A John Deere Publication

Two smiling people standing next to a brown cow with a green hillside rising behind them

Stina Kutzer (left), her daughter Signe O'Neil, and Merci the cow share a moment in the hills of Pownal, Vermont. Merci is a descendant of Kutzer's first Jersey, Babette, the cornerstone of the family's skyr business.

Agriculture, Livestock/Poultry   June 01, 2024

Babette's Sweet Legacy

New England meets Iceland in this family's handmade skyr.

by Steve Werblow

In 2004, Peter Kutzer gave his wife Stina a Jersey calf. Stina named her Babette and grazed her in emerald pastures ringed by hardwoods in the town of Pownal in the southwestern corner of Vermont—as close to cow heaven as Babette could get. When Babette bore twin heifer calves, Stina decided it was time to figure out how to put her tiny herd to work.

"That's right when the local food movement really took off, and there was a big CSA [community supported agriculture] right around the corner," she says.

Kutzer had made butter and cheese for her family as her kids were growing up. But butter turned out to be too labor-intensive and low-yielding to make money. Soft cheeses like Brie and Camembert required a lot of infrastructure for production and several weeks of aging. Kutzer experimented with yogurt cultures and was zeroing in on recipes she liked, but learned from the local milk inspector that yogurt would also have required stainless steel equipment and adherence to strict processing rules.

Enter skyr (pronounced "skeer"), a creamy, yogurt-like treat traditionally made in Iceland.

"Skyr is technically a soft cheese—for every 90-gallon batch, I put in half a teaspoon of vegetable rennet," says Kutzer.

That satisfied the milk inspector. Kutzer wasn't in the yogurt business—instead, she had become a cheesemaker.

There was a small hurdle. Kutzer wanted to honor her family's Swedish roots, and an Icelandic cheese seemed close...but not quite close enough.

"Because we're Swedish, we thought, 'maybe there's some kind of Swedish something we could call it,'" says Kutzer. "But as we investigated, we saw that what we were doing is exactly how they make skyr in Iceland. So we said, 'OK, we're going to call it skyr.'"

In 2010, Kutzer and her sister Marta Willett opened Gammelgården Creamery, which means "small, old farm" in Swedish.

Let it hang. Kutzer, her daughter Signe O'Neil, and their 6 employees make Gammelgården skyr 90 gallons at a time, 3 or 4 days a week. They pasteurize their milk in the evenings and hold it at about 100 degrees F (37.7° C). They add a blend of live, probiotic yogurt cultures carefully selected to yield the perfect level of mild tartness and creamy texture.

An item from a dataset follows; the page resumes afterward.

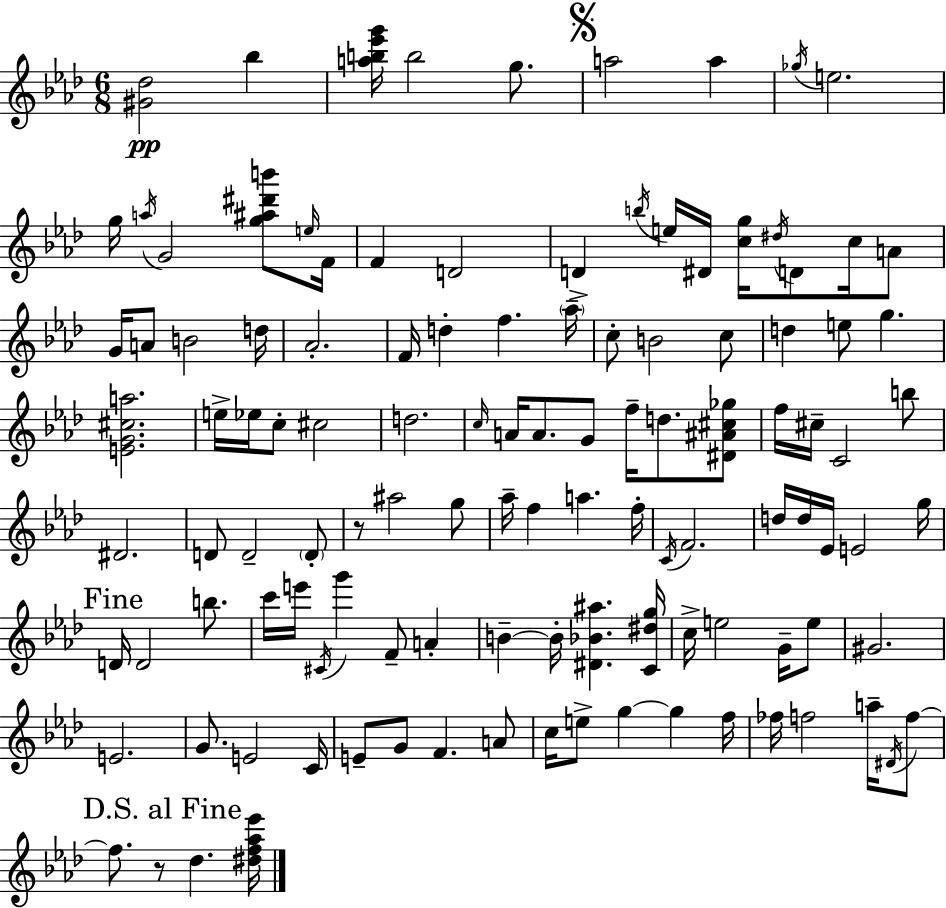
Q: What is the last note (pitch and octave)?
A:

Finally, they hang the skyr in cheesecloth for 1.5 to 2 hours to drain off whey and allow the product to thicken.

Kutzer and O'Neil have expanded their skyr line to include a range of flavors. The experimentation started with 4 gallons of maple syrup that Kutzer's sister Carla shared early in the venture. Maple remains one of Gammelgården's top flavors, vying with wild Maine blueberry. There's also lemon hibiscus, cherry almond, strawberry, raspberry, pumpkin, and apple pie, each added to the skyr as jam from local producers.

Above. Kutzer and O'Neil oversee production, packaging, and product development (Kutzer's sister Marta does the books). Peter Kutzer has delivered skyr since 2010; soon he'll get help from a local distributor. O'Neil designed Gammelgården's packaging and website. The company's logo commemorates Babette and her twin calves.

Building markets. Gammelgården introduced skyr through countless tastings at three farmers' markets and through the local CSA's subscription. Grocery stores caught on, and Peter Kutzer got to work hauling skyr across southern Vermont and western Massachusetts.

Peter's delivery runs have provided vital feedback on flavors, packaging, and what's moving off the shelves, notes O'Neil.

The farm-fresh skyr also built a loyal (and hungry) following at Williams College, just up the road from Babette's pasture.

Supplying the college created high demand during the school year and a huge drop-off during summer break. Even as her herd peaked with 14 Jerseys, Kutzer started to fill the gap with milk from neighbors at Hooskip Dairy, hauling 10-gallon cans from the 60-head Holstein operation.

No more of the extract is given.